Ajoku’s research, for example, focuses on aerosols — particles suspended in a liquid or gas, such as car exhaust or smoke in the atmosphere — in relation to African climate dynamics. These particles can have a massive impact on the planet, both directly by absorbing or scattering radiation from the sun and indirectly by serving as cloud condensation nuclei.

“I dare say aerosols are one of the most important science topics in the world, because when you look at every single cloud droplet, in the center of that droplet is an aerosol. There’s no such thing as precipitation, no such thing as cloud formations, without aerosols.”

Specifically, Ajoku’s research looks at how large biomass burning events in Central Africa affect the West African monsoon, the major wind system that governs the precipitation of the region. Ajoku found a major difference in cloud formation in “clean” and “dirty” days (days of more or less aerosols from burning) in the Gulf of Guinea. “We find that more aerosols led to reduced precipitation, and vice-versa, which is something that models were not capturing at all.”

With a regional population of over 200 million people, this research is invaluable in understanding the risks of flooding or drought.

Third year Ph.D. student Alycia Triplett, meanwhile, presented on her Experiential Learning and Training Opportunity at the National Oceanic and Atmospheric Administration (NOAA) Global Systems Laboratory in Boulder, Colorado. Over the summer, Triplett worked on evaluating NOAA’s Fire Weather Testbed, a platform to transition research into usable technologies, products, and communication strategies. Her work during her internship is helping to close a crucial communication gap in alerting communities to fire hazards.

“Fire warnings don’t work like your typical tornado or flash flood warning,” she explained, because according to policy fires on the ground are “considered a non-weather warning event; and therefore does not fall within the purview of national weather service operations.” This means that the National Weather Service (NWS) can only issue warnings if requested by local or state officials, which could mean delayed responses or confusion for community members in the event of an emergency.

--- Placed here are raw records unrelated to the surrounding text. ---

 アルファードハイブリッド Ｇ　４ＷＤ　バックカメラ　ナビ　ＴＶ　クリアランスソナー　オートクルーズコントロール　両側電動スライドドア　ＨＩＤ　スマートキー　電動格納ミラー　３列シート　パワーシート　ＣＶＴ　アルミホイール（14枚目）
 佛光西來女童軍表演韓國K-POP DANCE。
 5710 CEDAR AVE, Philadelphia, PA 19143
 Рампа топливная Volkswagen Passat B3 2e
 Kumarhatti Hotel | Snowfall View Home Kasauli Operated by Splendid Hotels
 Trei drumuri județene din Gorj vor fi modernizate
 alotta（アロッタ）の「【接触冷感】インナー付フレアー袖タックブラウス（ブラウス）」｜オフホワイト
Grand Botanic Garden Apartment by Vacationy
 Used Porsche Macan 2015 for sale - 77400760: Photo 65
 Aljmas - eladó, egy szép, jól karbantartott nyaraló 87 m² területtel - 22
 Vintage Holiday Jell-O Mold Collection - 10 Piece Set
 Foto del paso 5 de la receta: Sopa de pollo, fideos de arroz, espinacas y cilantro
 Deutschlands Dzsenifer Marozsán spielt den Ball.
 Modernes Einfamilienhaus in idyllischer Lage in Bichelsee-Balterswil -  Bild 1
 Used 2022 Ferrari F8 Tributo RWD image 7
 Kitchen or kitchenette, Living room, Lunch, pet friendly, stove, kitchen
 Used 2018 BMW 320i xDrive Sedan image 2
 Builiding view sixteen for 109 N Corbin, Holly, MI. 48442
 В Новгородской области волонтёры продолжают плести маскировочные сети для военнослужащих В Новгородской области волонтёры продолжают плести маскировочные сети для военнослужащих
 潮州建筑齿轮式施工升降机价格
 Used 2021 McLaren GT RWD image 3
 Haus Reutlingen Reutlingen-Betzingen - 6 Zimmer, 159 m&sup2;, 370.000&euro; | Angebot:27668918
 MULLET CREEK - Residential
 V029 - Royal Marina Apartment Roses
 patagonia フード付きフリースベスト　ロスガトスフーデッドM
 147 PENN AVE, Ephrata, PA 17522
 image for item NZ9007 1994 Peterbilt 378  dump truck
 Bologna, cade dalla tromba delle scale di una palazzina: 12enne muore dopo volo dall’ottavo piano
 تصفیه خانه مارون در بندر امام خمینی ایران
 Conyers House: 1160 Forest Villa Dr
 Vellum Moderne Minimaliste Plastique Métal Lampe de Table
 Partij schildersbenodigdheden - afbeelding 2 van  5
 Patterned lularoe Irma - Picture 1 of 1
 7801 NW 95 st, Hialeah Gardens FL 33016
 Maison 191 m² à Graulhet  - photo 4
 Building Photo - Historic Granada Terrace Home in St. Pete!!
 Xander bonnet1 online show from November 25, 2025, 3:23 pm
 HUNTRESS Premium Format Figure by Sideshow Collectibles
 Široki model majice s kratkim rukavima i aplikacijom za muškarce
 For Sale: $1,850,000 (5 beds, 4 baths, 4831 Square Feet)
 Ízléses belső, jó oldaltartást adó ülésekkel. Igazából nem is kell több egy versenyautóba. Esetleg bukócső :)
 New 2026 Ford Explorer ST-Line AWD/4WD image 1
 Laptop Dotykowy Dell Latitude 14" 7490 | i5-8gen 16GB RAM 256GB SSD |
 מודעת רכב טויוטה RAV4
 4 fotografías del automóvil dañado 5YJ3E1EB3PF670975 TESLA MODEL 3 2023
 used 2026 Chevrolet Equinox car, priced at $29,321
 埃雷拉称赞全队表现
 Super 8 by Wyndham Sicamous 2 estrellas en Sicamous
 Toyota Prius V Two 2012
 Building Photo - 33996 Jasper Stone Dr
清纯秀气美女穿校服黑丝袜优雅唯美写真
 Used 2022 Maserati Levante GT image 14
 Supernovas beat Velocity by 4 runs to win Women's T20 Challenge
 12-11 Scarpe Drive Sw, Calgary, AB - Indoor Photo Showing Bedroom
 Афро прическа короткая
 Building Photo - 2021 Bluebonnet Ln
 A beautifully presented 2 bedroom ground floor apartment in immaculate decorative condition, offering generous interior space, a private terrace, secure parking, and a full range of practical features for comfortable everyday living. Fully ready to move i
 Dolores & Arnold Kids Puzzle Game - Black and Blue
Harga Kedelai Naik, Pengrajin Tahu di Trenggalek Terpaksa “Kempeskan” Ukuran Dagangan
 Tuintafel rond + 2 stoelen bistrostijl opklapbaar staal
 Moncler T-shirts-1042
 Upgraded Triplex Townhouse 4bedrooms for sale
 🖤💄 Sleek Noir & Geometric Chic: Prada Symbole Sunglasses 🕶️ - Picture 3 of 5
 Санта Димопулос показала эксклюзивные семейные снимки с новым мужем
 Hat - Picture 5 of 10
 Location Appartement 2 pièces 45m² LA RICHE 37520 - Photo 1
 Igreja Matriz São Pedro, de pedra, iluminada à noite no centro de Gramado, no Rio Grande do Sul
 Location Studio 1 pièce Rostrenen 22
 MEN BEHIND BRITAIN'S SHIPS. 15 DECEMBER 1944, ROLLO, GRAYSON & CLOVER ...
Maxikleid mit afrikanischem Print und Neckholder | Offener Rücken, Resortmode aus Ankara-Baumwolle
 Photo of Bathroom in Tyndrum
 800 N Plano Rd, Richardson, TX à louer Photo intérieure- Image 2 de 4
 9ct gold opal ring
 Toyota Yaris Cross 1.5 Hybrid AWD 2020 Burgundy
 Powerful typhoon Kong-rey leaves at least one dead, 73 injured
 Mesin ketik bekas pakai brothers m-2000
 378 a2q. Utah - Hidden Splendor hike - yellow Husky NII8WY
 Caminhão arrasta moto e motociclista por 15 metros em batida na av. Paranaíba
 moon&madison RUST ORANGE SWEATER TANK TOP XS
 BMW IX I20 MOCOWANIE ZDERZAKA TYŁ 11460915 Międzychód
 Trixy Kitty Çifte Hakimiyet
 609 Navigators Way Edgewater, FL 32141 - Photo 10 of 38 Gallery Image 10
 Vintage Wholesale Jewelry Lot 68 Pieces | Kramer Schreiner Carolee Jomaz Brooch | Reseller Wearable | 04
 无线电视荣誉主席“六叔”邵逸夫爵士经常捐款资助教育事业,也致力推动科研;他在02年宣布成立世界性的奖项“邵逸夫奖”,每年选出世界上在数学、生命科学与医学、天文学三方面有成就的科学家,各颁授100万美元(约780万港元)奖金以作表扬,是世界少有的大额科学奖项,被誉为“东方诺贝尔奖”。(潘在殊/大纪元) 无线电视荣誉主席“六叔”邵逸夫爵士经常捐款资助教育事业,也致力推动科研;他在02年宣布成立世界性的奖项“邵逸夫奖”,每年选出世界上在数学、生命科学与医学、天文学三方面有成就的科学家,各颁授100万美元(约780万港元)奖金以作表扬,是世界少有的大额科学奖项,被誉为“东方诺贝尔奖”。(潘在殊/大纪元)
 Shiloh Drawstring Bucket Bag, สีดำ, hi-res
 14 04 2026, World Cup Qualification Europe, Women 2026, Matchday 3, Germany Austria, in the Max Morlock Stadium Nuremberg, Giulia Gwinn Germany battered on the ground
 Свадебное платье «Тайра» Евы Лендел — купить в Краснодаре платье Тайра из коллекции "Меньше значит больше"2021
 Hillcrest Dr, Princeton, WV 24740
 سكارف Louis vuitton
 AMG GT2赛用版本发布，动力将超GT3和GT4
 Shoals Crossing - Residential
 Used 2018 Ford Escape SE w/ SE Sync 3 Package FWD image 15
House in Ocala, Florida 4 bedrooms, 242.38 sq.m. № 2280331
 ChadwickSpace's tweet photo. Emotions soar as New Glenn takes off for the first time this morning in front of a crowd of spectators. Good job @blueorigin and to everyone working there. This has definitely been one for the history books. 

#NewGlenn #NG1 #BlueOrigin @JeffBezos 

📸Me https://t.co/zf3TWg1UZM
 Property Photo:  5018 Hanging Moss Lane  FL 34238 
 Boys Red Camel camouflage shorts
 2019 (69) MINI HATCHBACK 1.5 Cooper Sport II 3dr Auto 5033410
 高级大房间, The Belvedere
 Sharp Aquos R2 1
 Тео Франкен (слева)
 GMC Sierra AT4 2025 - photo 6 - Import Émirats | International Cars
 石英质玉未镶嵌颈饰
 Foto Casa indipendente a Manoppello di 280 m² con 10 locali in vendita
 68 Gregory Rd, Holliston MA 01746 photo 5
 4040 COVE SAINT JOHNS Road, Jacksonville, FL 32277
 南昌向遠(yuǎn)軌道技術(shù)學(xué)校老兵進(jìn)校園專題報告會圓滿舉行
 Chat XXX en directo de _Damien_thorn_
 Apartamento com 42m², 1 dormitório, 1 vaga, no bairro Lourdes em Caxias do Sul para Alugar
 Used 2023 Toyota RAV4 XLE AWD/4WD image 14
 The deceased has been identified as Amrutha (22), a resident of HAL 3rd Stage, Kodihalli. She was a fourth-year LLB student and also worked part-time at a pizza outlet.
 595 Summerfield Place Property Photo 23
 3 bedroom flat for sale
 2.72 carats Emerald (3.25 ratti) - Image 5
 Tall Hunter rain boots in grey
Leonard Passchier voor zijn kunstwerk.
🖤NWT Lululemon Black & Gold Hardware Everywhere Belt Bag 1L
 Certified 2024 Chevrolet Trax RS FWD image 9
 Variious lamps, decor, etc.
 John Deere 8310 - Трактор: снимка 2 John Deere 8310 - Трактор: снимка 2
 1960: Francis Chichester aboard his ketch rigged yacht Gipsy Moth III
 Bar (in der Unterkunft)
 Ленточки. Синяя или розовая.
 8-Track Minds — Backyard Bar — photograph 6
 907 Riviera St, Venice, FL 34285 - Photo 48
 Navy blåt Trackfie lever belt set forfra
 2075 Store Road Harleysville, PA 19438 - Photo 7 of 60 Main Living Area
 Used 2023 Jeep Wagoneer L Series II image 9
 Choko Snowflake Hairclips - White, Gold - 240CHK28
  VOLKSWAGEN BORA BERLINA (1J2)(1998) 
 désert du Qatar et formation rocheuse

Triplett assisted in testing the integration of fire warnings into the NWS’s Integrated Warning Teams. Typically made up of both forecasters and public officials like emergency managers, sheriffs, superintendents, and others, these teams allow meteorologists and emergency responders to better coordinate before and even during extreme weather events.

For the evaluation, four meteorologists and five land managers from California, Kansas, North Carolina, and Florida were paired to mutually confirm fires and coordinate on, and send warnings to, the public. Across seven sessions, the teams successfully coordinated on 72 simulated fires.

Social and behavioral science was woven through the evaluation through working groups, pre- and post-evaluation surveys and formal focus groups, and were the main focus of Triplett’s work. The feedback from both scientists and land managers will be invaluable to communities facing wildfires.

Focusing on community

Doctoral candidate Lauren Taylor’s talk, “After the Fire: Examining Health Disparities and Environmental Injustice in Lahaina,” explored the need to adapt to new environmental realities.

“What we’re seeing since the early 2000s is that there are around 70,000 wildfires per year, which is a lot,” said Taylor. “But what’s very interesting to me is that they’re actually not increasing. It’s actually decreasing in number, but what we’re seeing is that it’s increasing in acreage burned, as well as happening earlier. So, wildfires are no longer happening May to September, they’re moving further out.”

Her talk, examining the 2023 wildfire that devastated the community of Lahaina, Hawaii, focused on the disparities in impact and recovery. Lahaina’s poverty rate is 11.7%, far higher than both the national average and even the average of the town’s county of Maui, and concentrated in the town’s Native Hawaiian, Black, and Hispanic populations, leaving the town ill-equipped to fully recover from the fire. Over 2,000 structures were destroyed during the fire, with 86% being residential buildings and 30% of those homes being below the poverty line. Of those homes, only six have been rebuilt.

Taylor’s research illustrates that the worst impacts of extreme weather overwhelmingly fall on those with the least resources, who have contributed the least to climate change — people in poverty and those from underrepresented minority groups. Beyond a lack of resources, these communities also face greater risks due to higher rates of health complications, lack of trust toward institutions such as FEMA, and often simply a lack of knowledge of the severity of an event.

Lauryn Smith, a master’s candidate in the Department of Atmospheric Science, emphasized this last point while discussing her work modeling the 2024 Canadian wildfires, which covered D.C. in a heavy smoke in the summer of last year. Using data gathered from instruments at Howard’s Beltsville campus, Smith found significant spikes in hazardous materials including black carbon, sulfur dioxide, and carbon monoxide in the D.C. area June 6-8, 2024. These are the same dates her model showed the wildfire smoke reaching the area from Canada, led on by a low-pressure “trough” and extraordinarily dry winds blowing south into the United States.

Despite these hazardous materials, throughout Smith’s presentation are photos of people walking through smoke. During a Q&A, she said “As far as societal implications go, I see an issue with the communication of the severity of events like this. I took it seriously because I’m an atmospheric scientist, but for the people who don’t know anything, they need the education, and they need to know that they’re at stake if they go outside.”

The increase in extreme weather can seem like an insurmountable challenge, presenting urgent, compounding threats too complex to be totally understood by one person. But the researchers at Howard’s Department of Earth, Environment and Equity provide a path to possible solutions, one built on outside-the-box thinking, interdisciplinary collaboration, and strong ties to the communities most affected.

“You’ve all probably heard ‘you don’t know what you don’t know’ when someone’s trying to calm you down. I think here, though, I’d liken it more to ‘closed mouths don’t get fed,” said Triplett near the end of her talk, emphasizing the need for cooperation between disciplines, teams, and institutions. “You don’t know what you don’t know, but I bet you know a neighbor, a friend, a colleague who knows something you don’t. So why not start with them?”